Mr. Cooper is the nation’s largest mortgage loan servicer, earning $332 million in Q2 pretax income by collecting monthly mortgage payments from 6.4 million homeowners on behalf of lenders and investors in mortgage-backed securities.
The loan servicing business also gives Mr. Cooper an edge in offering refinancing or home equity loans to those homeowners — a business that generated $64 million in Q2 revenue on $9.4 billion in originations.
Surveys by the Mortgage Bankers Association show lenders have lost money in 10 out of the past 12 quarters.

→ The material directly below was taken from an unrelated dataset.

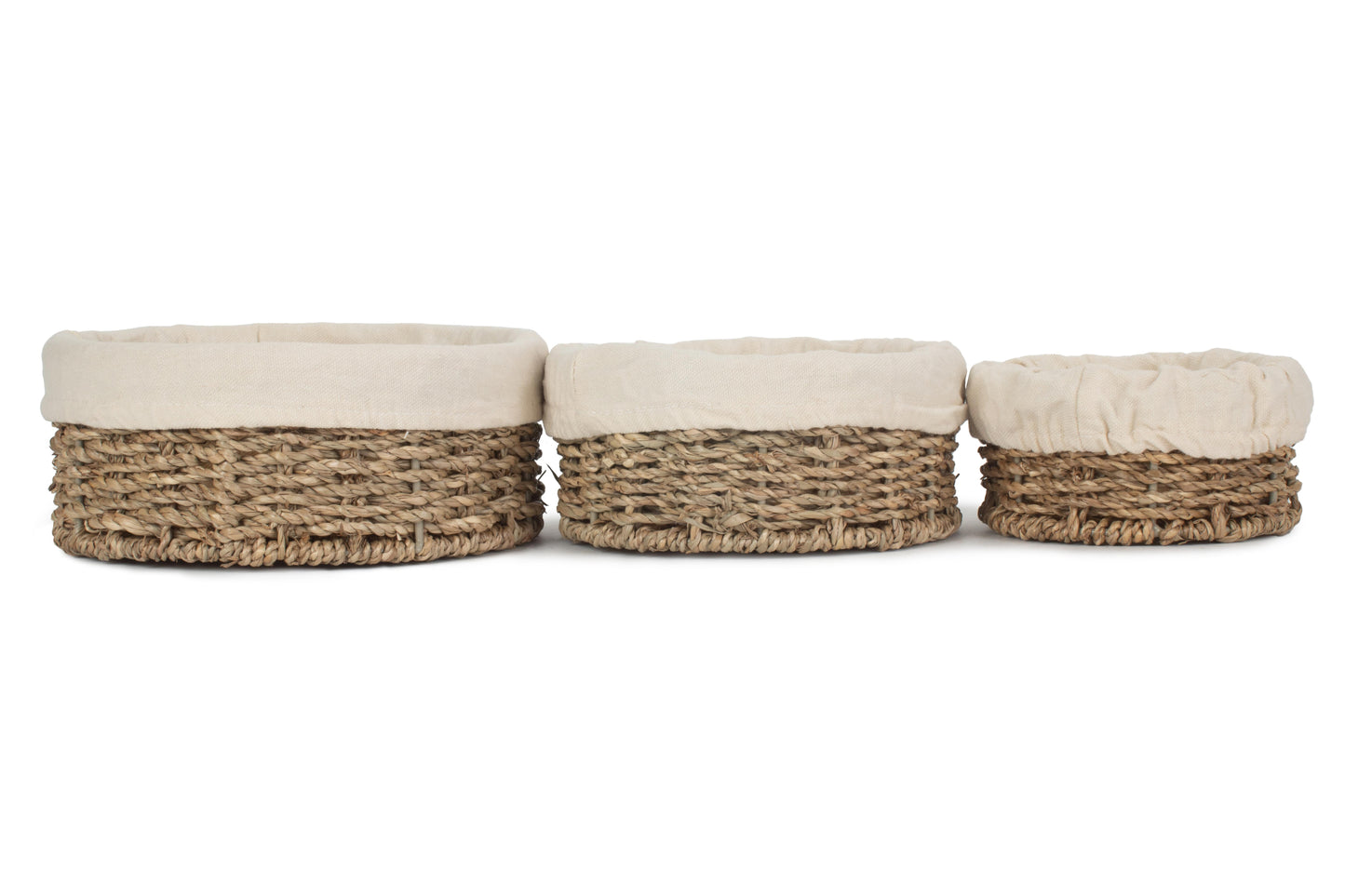 LINED ROUND SEAGRASS SMALL TRAY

But Mr. Cooper “has produced solid double-digit returns for nearly two and a half years straight, which demonstrates the power of our scaled platform and balanced business model,” Bray said.
“I’m very pleased with these results; in fact, I’d say the company is firing on all cylinders,” Bray said. “This is a real achievement considering the difficult environment, with persistent high mortgage rates contributing to ongoing affordability challenges, sluggish home sales and home prices coming under pressure in some markets.”

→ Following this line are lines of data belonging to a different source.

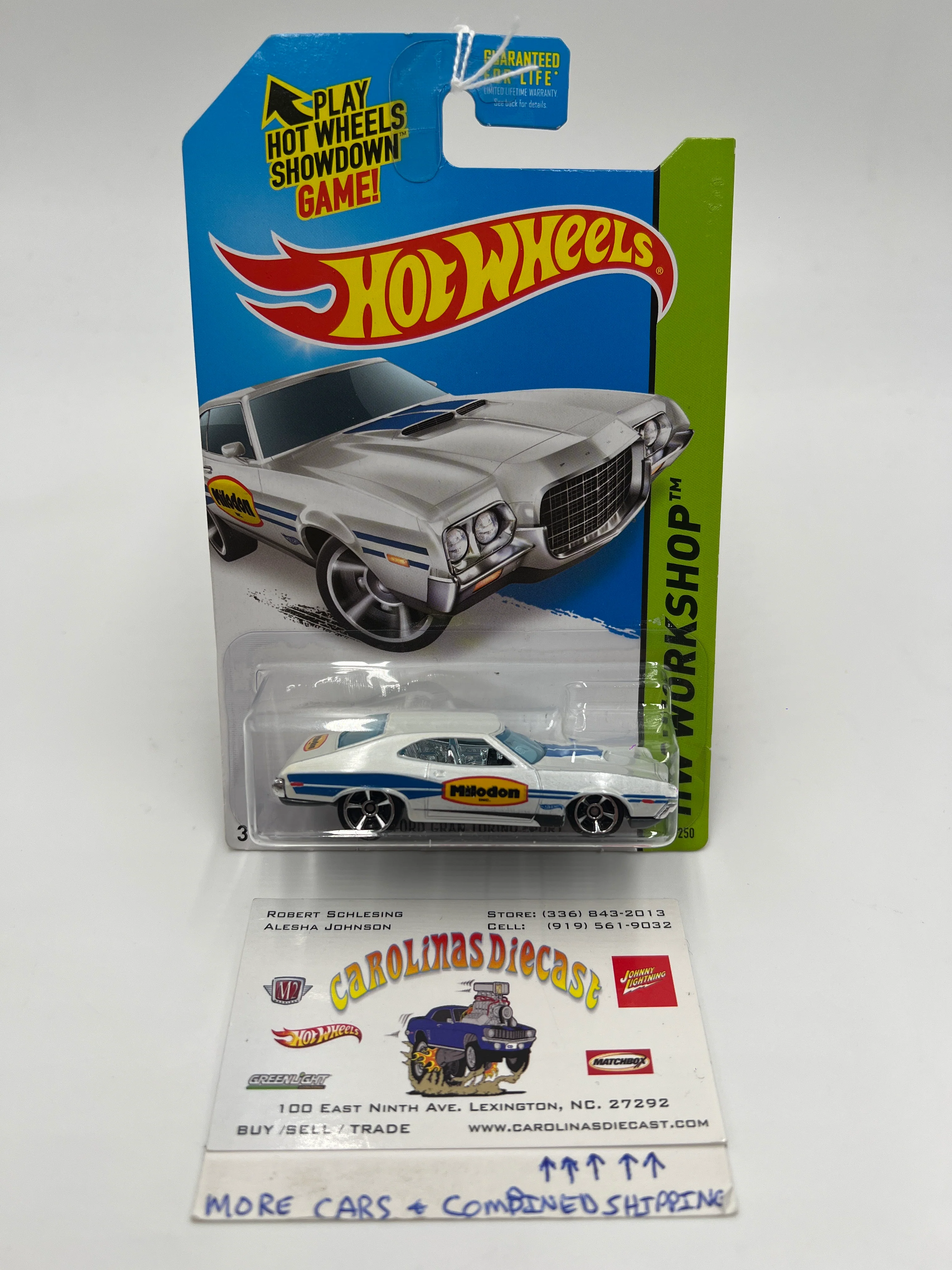 2014 Hot Wheels Workshop #248 72 Ford Gran Torino Sport Miloden White 33B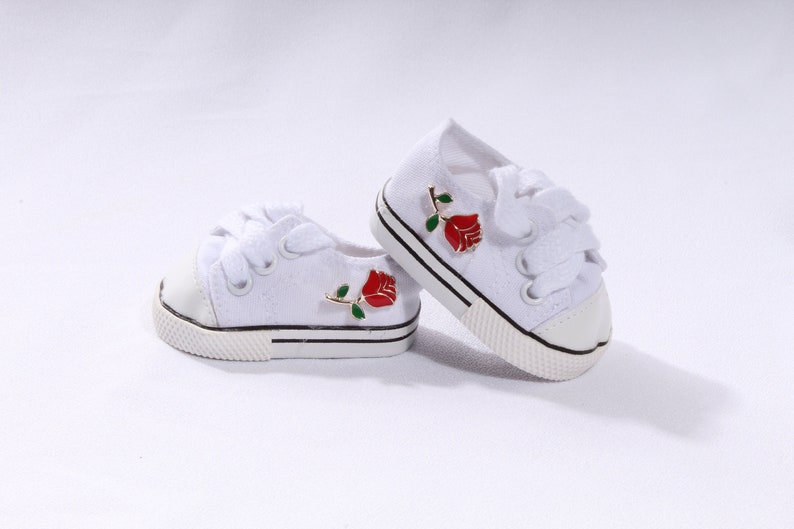 Max 81% OFF Milwaukee Mall Rosebud White Sneakers Made to Fit Girl American Dolls and other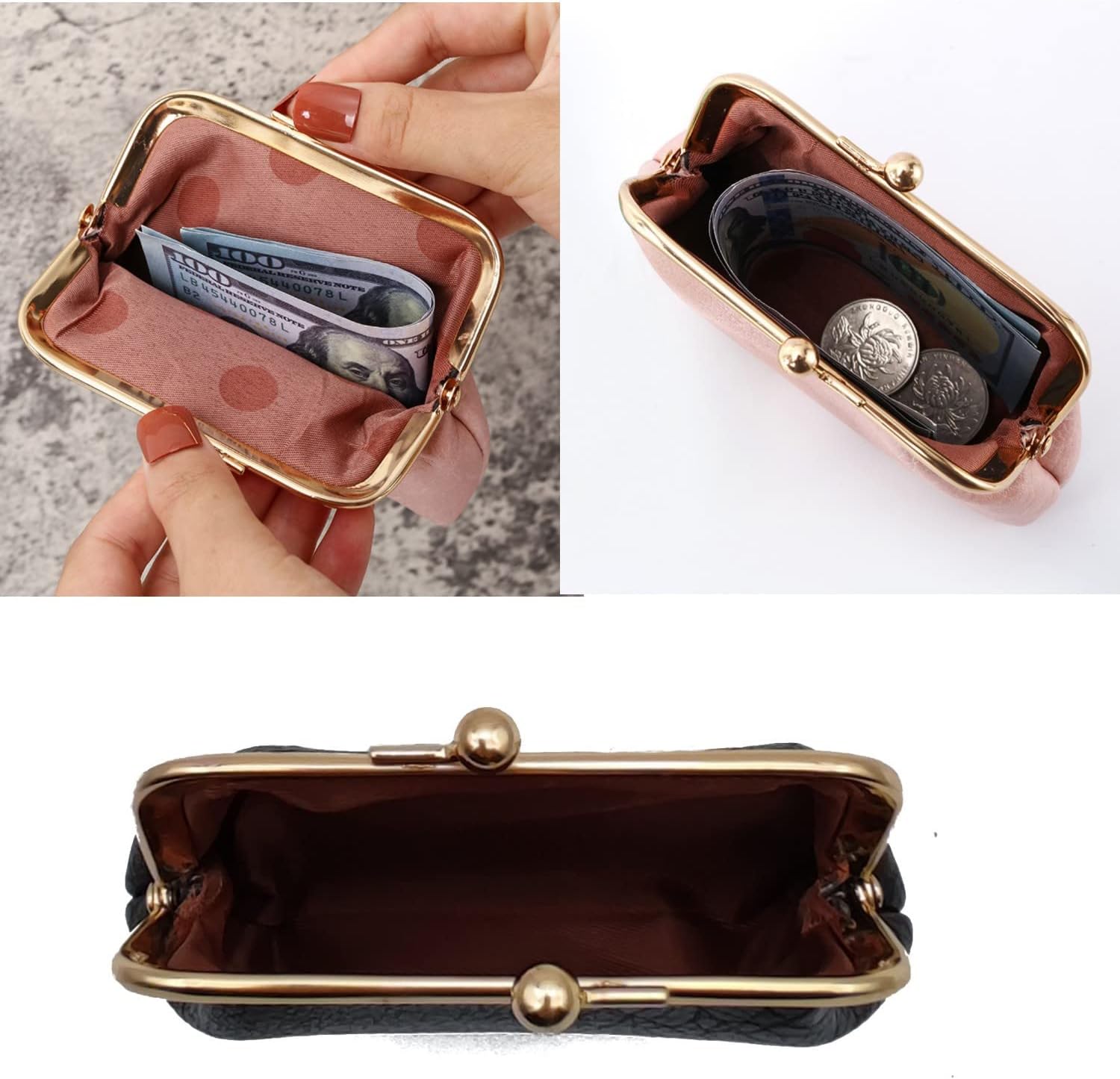 Coin Purse, Kiss Lock Coin Purse for Women, Large Capacity Coin Pouch,Vintage Change Purse Cute Car Coin Holder for Women (1-Black) - Image 7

Investment in AI keeping expenses in check
Mr. Cooper’s investment in AI and other technology have helped it grow its loan servicing portfolio by 25 percent from a year ago while keeping operating expenses from necessities like call centers in check, President Mike Weinbach said.
Thanks to technology like AI, revenue from loan servicing was up 13 percent from a year ago, but operating expenses were up only 6 percent, Weinbach said.

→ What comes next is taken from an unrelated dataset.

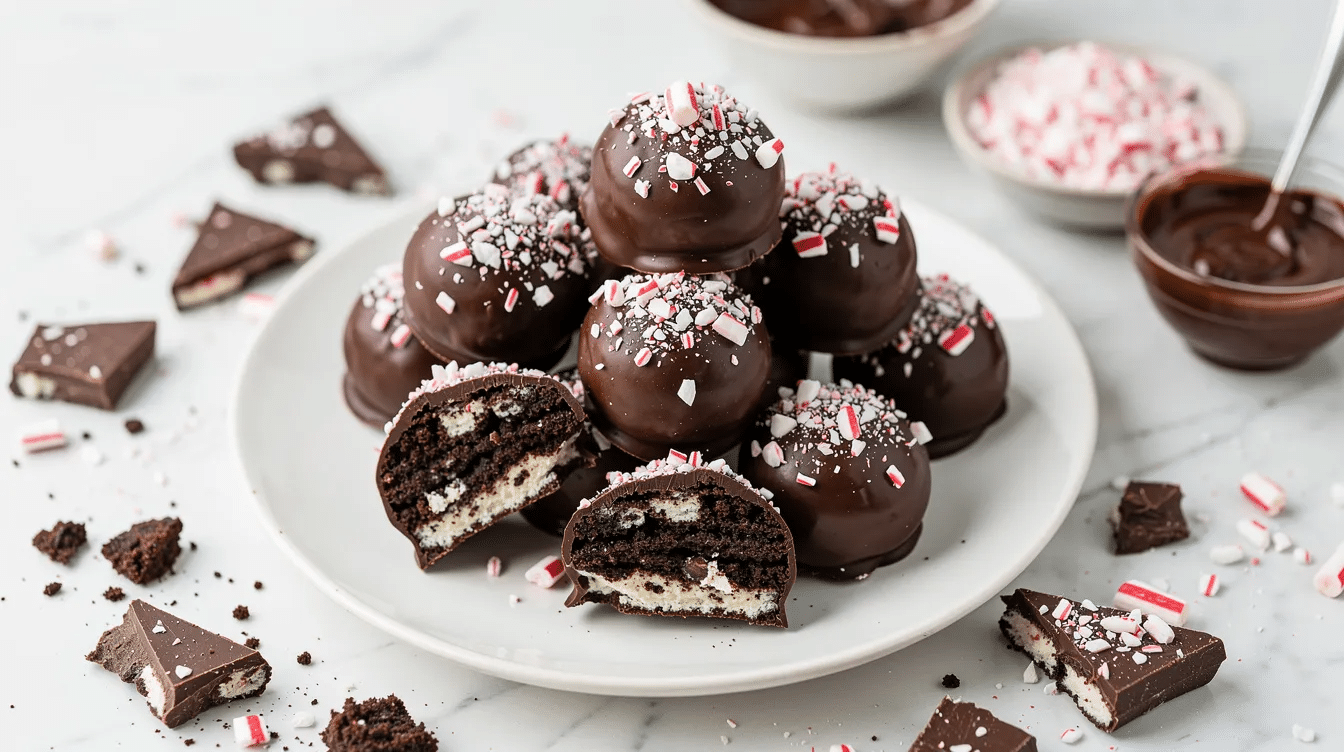 e627ae26-74dc-44e3-97b7-d24702e01620 The image features a plate of No-Bake Chocolate Peppermint Balls, which are round treats made from crushed cookies and cream cheese, coated in chocolate, and garnished with vibrant red and white crushed candy canes. These festive and indulgent bites are perfect for holiday baking and make for a quick, delicious addition to any Christmas treats spread.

Mr. Cooper can service mortgages at nearly half the cost of its competitors, Weinbach said, citing a 2024 benchmark survey by the Mortgage Bankers Association.

Mike Weinbach
That gap is expanding as Mr. Cooper continues to “invest in and implement new AI solutions, since this technology is uniquely suited for optimizing large call center operations,” Weinbach said.
Mr. Cooper’s proprietary AgentiQ application helps team members by interpreting questions posed by customers, tracking sentiment in real time, putting explanatory material and customer information at the agent’s fingertips, and generating call summaries.
“With the first version of AgentiQ now fully rolled out, we’re moving forward to beta-test true ‘agentic’ features, where the system will execute simple tasks on its own,” such as answering questions and fetching data in chat conversations, Weinbach said.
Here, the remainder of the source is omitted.